Years ago, I practiced criminal defense law. Early in my career I represented a young teenage client who was charged with eight serious offenses. If convicted he could have gone to prison for several years. My client elected to exercise his right to a jury trial.
Most trial attorneys will tell you that the most anxious moments of the trial are not during the legal proceedings itself, but stem from the time the jury leaves to start its deliberations and the moment the clerk of the court reads the verdict. As I look back, I wonder why I had such high anxiety while awaiting the pronouncement from the clerk. Other than the jury deliberating, all anyone is doing is waiting. Partly, the anxiety is in the anticipation and not knowing the outcome. However, I also realized a major reason for the stifling anxiety was that I had no say-so or control once the jury was out of sight. That lack of control was directly correlated to the consternation I felt.
Stoicism, an ancient Greek philosophy (and for some a spiritual path), is instrumental in helping us overcome such anxiety. The Stoics note that to reduce anxiety it is important to make a distinction between what we control and what we depend on others to do that is beyond our influence. During a trial, an attorney has control over his or her trial preparation, such as thoroughly researching the case, developing the best arguments possible, and so forth. On the other hand, you have no control over what the jury does once it enters the room to deliberate its verdict. Since no one has any say on what they do behind those closed doors, why be anxious over something that you can’t do anything about?
In many of our life experiences, we may have control over processes, but not the outcomes. Consequently, we do the best we can with the parts we have power over and let go of the rest. By letting go of the rest, we can reduce a lot of unnecessary self-inflicted anxiety. For example, signing up a potential client may be beyond your control, but creating the very best proposal and presentation to the client is within your control. Getting recognition for a book that you may write is out of your control. However, writing a really great book is something you have control over. Or in my previous occupation, becoming an expert in Constitutional Law is in one’s control but being hired by the faculty at Stanford or Berkeley law school is not in one’s control. That is up to a hiring committee.

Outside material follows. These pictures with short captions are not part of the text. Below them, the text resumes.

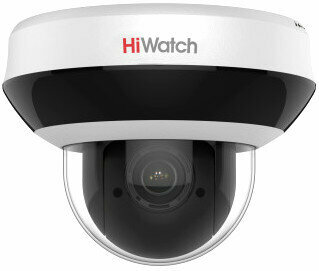 IP камера HiWatch (DS-I205M(C))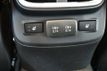 2021 Subaru Outback Touring XT CVT - 22398697 - 70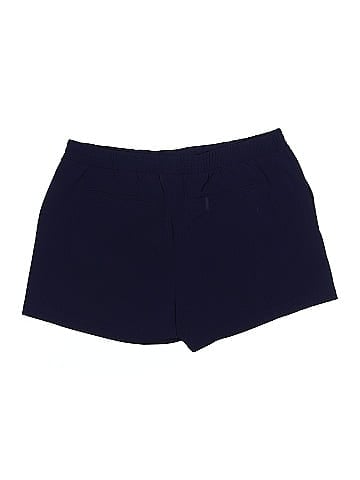 7th Avenue Design Studio New York & Company Athletic Shorts (view 2)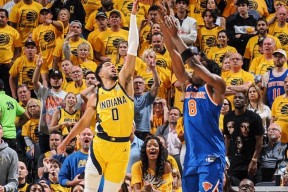 九游活动-明尼苏达森林狼微博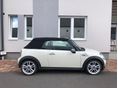 MINI MINI COOPER 2009/8 - 5
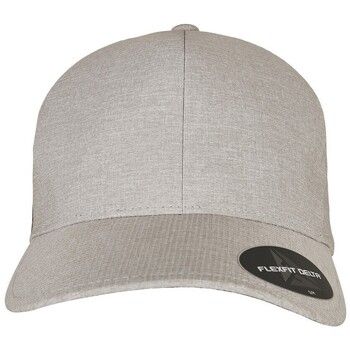 Yupoong Gorra S-M RW8644 para hombre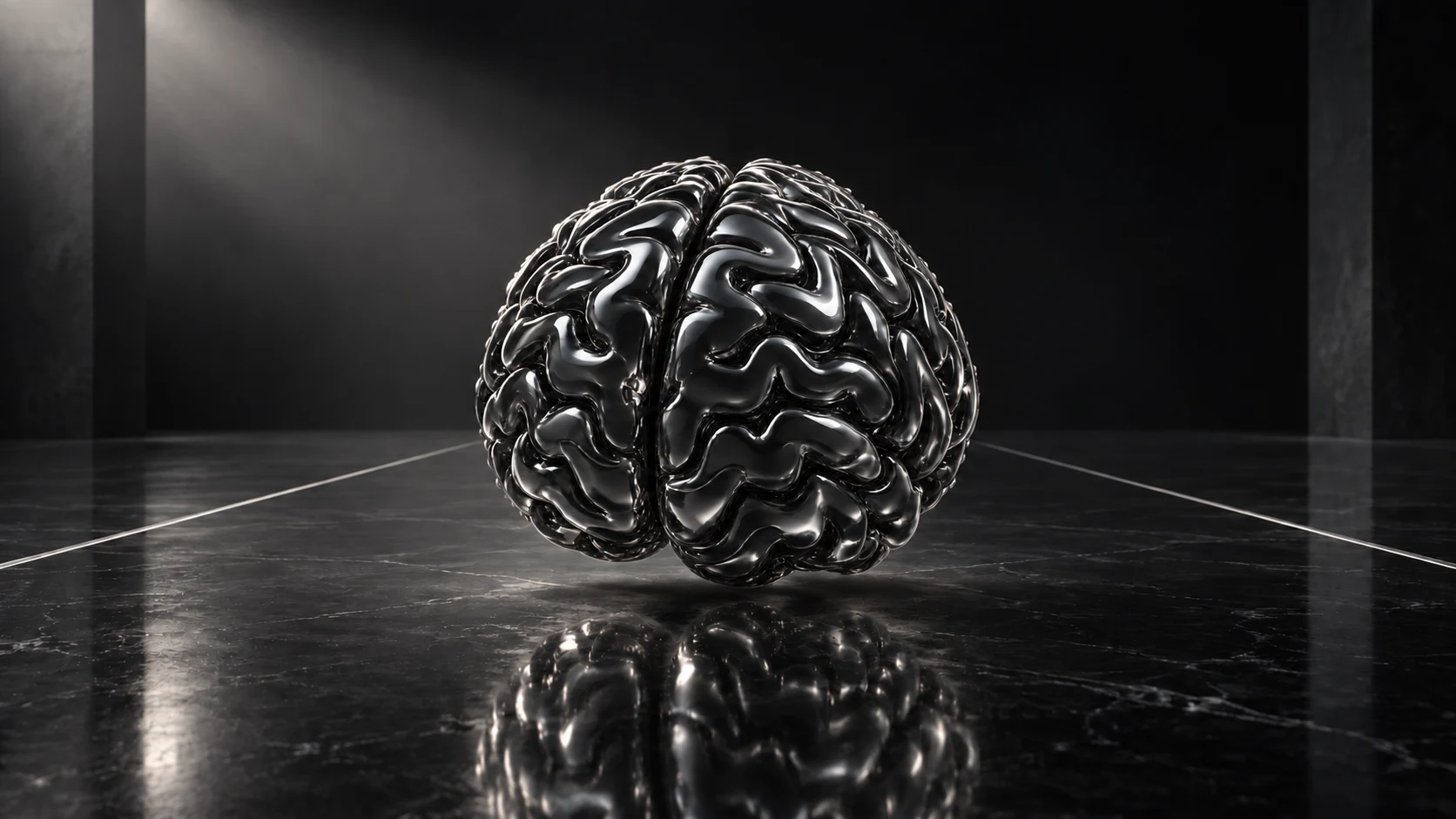 GRAPHITE 세컨드브레인 캠페인 콘셉트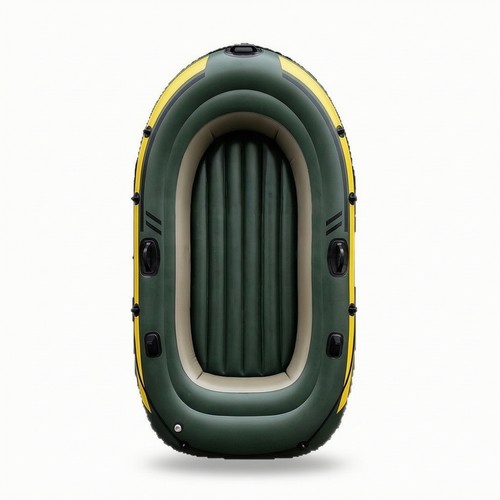 Inflatable dinghy lightweight - inflatable,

Once we make a distinction between what we can control and what we can’t, we can release attachment to that for which we have no say. As a result, our anxiety level can be substantially decreased. One of the best ways to reduce anxiety is to practice once again the tried and true serenity prayer, “God grant me the serenity to accept the things I cannot change, to power to change the things I can, and the wisdom to know the difference.”